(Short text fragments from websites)
Content starts
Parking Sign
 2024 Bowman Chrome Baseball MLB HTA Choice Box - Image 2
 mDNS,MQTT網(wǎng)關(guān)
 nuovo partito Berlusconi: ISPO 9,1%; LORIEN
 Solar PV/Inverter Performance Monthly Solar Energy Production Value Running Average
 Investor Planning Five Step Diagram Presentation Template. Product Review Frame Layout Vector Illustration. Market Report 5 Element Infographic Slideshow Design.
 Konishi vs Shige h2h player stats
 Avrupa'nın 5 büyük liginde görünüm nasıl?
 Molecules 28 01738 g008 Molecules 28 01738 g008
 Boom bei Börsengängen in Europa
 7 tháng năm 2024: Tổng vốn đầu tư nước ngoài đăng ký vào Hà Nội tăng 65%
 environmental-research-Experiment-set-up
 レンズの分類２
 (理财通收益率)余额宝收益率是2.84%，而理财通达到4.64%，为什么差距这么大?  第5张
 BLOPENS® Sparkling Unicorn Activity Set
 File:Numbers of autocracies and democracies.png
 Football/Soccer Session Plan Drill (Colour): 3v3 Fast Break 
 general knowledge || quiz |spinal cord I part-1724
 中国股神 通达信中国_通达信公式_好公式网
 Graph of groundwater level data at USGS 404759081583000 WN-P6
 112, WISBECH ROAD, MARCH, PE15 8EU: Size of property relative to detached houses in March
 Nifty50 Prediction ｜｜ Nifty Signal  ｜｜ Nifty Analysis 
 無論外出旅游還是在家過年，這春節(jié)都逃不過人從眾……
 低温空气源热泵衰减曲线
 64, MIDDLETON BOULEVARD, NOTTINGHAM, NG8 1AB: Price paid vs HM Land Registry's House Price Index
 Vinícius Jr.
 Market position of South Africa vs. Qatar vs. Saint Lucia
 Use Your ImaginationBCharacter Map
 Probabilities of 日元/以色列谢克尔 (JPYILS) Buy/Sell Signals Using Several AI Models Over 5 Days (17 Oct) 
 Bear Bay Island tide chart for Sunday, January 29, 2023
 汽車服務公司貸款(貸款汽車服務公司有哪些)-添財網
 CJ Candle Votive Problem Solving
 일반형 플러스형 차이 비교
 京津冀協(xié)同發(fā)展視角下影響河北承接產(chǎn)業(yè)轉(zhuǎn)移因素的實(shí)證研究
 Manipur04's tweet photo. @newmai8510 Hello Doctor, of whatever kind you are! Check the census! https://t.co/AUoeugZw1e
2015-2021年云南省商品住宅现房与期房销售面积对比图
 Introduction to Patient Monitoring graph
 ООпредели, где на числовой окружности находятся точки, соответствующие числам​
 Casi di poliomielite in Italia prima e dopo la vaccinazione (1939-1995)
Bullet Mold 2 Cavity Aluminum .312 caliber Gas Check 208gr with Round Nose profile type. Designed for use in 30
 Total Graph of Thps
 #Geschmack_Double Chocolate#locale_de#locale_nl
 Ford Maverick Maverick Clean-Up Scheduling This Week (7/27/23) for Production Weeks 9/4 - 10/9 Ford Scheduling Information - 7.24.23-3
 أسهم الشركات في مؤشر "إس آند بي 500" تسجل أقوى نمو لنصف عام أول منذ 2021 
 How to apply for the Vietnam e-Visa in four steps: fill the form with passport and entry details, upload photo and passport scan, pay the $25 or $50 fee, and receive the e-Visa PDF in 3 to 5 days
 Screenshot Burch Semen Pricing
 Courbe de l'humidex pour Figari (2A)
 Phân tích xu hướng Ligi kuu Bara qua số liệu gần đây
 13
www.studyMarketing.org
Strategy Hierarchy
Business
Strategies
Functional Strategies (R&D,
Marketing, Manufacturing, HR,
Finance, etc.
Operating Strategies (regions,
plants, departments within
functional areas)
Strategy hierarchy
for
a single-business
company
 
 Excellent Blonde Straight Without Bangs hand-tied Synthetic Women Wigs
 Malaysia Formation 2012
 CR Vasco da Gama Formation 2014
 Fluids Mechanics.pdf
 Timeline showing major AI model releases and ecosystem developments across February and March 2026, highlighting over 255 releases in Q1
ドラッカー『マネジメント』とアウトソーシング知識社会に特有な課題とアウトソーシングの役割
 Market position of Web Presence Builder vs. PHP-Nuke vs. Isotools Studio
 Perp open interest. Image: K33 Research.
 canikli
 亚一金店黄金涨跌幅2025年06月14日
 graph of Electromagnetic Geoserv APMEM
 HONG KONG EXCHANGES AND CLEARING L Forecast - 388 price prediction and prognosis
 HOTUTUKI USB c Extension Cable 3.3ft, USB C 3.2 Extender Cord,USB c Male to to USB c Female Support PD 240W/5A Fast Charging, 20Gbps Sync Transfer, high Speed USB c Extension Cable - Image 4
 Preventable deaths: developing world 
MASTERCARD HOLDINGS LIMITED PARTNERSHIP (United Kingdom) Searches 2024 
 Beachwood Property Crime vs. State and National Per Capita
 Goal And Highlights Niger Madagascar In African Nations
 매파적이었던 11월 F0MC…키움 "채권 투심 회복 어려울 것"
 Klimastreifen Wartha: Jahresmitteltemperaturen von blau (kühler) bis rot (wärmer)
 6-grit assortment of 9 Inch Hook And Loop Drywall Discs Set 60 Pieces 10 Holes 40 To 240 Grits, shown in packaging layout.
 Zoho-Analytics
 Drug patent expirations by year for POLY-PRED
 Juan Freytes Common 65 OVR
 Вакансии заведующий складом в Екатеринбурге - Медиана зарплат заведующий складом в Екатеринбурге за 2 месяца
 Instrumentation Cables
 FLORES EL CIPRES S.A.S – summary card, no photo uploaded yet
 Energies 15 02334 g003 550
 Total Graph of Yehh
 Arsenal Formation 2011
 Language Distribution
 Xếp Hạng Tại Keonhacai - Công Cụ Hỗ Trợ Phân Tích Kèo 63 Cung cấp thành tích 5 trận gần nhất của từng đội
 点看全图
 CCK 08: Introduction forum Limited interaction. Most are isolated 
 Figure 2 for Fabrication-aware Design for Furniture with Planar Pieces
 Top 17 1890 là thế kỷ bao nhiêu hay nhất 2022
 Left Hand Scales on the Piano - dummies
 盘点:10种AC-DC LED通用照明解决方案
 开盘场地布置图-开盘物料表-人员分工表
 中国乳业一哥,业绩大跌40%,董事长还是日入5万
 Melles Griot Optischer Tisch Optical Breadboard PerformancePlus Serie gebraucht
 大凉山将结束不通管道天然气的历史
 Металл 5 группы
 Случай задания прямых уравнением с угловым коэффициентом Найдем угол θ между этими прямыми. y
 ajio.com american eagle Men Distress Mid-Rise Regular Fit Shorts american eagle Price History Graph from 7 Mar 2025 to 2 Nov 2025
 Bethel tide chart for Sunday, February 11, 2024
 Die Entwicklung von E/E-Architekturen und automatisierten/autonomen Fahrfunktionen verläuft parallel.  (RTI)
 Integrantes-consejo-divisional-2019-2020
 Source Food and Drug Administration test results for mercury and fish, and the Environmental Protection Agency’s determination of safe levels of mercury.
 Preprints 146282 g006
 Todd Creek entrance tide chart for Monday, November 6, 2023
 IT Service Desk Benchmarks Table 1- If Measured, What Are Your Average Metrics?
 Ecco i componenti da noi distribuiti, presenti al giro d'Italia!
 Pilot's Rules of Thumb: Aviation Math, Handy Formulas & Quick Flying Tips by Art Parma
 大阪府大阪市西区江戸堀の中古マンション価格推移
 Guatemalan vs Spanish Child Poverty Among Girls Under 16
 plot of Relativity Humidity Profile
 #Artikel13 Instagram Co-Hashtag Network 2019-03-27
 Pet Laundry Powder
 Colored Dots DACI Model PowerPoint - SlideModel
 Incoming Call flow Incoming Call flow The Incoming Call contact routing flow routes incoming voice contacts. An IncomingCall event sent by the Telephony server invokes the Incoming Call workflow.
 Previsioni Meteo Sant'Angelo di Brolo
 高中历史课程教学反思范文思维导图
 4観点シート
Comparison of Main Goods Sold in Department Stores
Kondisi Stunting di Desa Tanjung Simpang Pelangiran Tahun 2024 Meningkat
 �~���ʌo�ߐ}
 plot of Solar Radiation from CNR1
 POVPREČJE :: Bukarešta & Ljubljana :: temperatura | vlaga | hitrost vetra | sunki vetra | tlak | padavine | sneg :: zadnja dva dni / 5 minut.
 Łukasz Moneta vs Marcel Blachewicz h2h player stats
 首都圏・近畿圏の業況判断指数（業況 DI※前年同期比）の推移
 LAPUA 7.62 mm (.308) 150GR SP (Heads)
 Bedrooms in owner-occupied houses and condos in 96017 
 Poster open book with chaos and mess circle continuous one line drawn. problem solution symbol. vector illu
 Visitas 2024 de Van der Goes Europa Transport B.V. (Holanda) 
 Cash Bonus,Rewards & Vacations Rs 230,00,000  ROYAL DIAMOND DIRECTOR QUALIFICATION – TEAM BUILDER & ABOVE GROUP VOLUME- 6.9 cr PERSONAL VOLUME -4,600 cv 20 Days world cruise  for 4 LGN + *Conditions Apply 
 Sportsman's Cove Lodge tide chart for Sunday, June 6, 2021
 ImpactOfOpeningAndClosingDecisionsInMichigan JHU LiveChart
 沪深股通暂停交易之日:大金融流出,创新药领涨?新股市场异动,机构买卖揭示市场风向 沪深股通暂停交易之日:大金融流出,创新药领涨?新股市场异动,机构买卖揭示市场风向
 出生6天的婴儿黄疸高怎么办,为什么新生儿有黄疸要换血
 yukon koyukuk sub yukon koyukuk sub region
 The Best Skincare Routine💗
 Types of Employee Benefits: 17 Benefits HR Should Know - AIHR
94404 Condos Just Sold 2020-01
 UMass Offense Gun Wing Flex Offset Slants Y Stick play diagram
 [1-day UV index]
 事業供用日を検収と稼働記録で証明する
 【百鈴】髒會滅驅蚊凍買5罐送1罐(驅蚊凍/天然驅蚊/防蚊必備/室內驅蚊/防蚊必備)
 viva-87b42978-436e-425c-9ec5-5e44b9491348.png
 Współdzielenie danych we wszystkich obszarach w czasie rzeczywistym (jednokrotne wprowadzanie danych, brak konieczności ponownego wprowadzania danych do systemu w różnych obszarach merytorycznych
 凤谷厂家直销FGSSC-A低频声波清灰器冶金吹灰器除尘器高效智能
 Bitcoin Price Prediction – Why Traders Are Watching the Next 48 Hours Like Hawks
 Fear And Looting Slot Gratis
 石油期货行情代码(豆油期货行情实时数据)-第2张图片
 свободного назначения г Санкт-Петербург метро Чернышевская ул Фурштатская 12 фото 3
Content ends
▸ Instructions for the task
Starting at the line that has "Energies 15 02334 g003 550" and ending at the line that has "中国乳业一哥,业绩大跌40%,董事长还是日入5万", please write out the lines above exactly, leaving out all others.

▸ Solution to the exercise
 Energies 15 02334 g003 550
 Total Graph of Yehh
 Arsenal Formation 2011
 Language Distribution
 Xếp Hạng Tại Keonhacai - Công Cụ Hỗ Trợ Phân Tích Kèo 63 Cung cấp thành tích 5 trận gần nhất của từng đội
 点看全图
 CCK 08: Introduction forum Limited interaction. Most are isolated 
 Figure 2 for Fabrication-aware Design for Furniture with Planar Pieces
 Top 17 1890 là thế kỷ bao nhiêu hay nhất 2022
 Left Hand Scales on the Piano - dummies
 盘点:10种AC-DC LED通用照明解决方案
 开盘场地布置图-开盘物料表-人员分工表
 中国乳业一哥,业绩大跌40%,董事长还是日入5万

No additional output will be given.